TASK DATA:
○ ○ ○
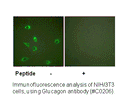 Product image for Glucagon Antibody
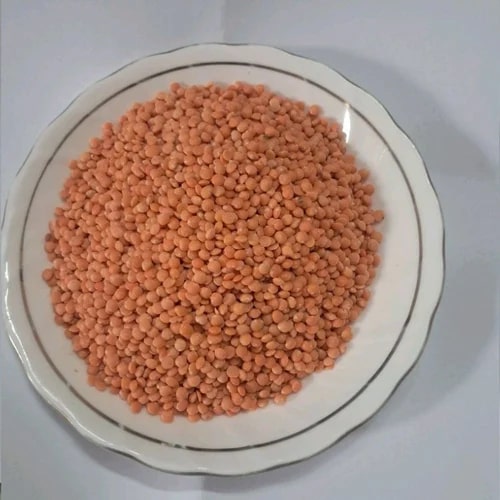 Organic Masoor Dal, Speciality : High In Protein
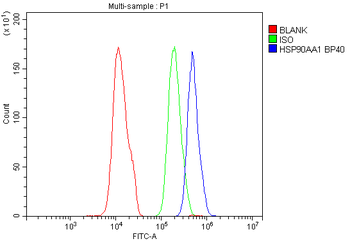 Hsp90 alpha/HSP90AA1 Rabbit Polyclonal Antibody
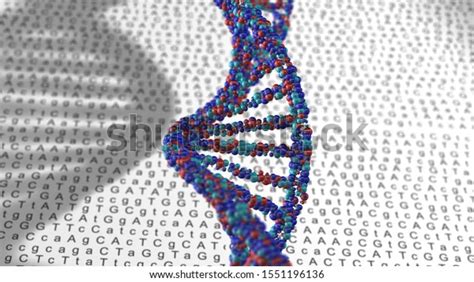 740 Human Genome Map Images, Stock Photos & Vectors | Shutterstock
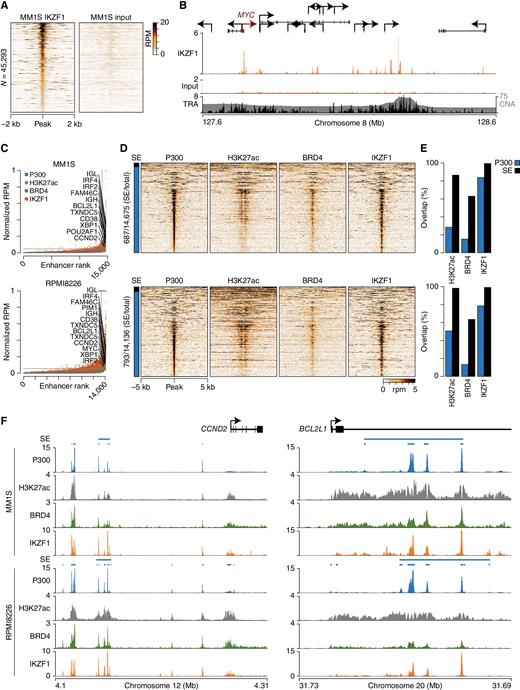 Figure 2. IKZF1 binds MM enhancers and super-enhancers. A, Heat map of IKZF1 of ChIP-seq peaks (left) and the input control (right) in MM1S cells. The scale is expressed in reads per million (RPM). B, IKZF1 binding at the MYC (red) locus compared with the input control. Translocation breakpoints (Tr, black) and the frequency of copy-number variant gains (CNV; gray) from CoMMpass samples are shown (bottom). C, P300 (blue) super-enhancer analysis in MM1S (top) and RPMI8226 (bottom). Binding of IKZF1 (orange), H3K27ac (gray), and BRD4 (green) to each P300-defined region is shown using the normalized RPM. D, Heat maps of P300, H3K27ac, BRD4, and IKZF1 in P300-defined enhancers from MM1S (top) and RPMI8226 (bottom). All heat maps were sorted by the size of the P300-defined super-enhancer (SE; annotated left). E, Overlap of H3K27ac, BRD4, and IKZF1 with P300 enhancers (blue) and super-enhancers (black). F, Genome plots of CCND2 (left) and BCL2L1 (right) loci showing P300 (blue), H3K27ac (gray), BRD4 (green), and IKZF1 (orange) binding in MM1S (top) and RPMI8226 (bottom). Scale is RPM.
○ ○ ○
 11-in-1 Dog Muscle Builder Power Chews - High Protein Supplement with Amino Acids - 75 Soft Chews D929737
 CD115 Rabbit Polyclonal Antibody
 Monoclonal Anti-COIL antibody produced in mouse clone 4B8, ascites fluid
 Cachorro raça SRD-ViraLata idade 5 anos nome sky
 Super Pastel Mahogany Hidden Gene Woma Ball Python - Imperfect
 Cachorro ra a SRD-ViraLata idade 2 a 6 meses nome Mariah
○ ○ ○
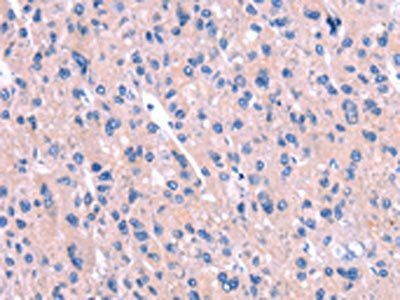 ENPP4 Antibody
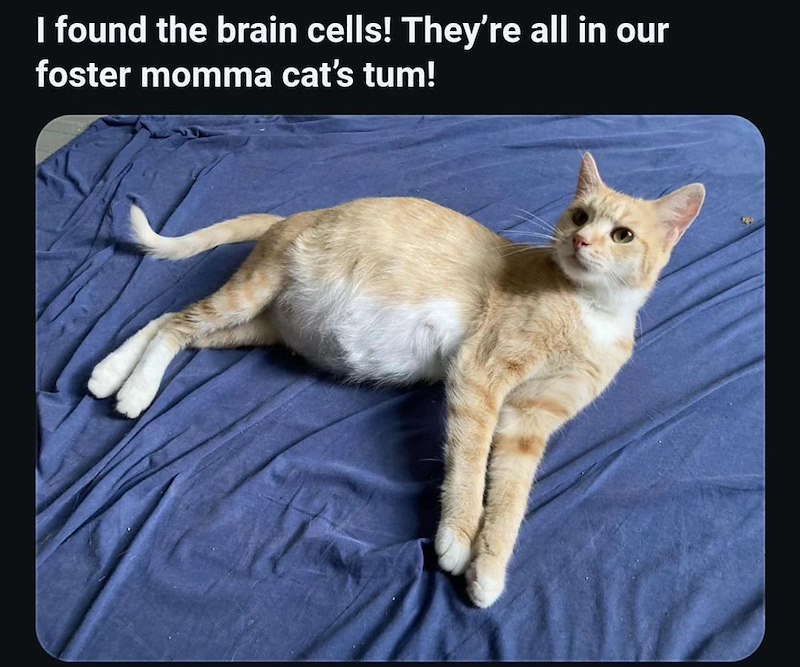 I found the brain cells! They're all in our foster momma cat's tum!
○ ○ ○
ACTIVITY:
Look above for the line containing "CD115 Rabbit Polyclonal Antibody" and the line containing "Cachorro ra a". Transcribe both, with the lines between them, exactly.

OUTPUT OF THE TASK:
 CD115 Rabbit Polyclonal Antibody
 Monoclonal Anti-COIL antibody produced in mouse clone 4B8, ascites fluid
 Cachorro raça SRD-ViraLata idade 5 anos nome sky
 Super Pastel Mahogany Hidden Gene Woma Ball Python - Imperfect
 Cachorro ra a SRD-ViraLata idade 2 a 6 meses nome Mariah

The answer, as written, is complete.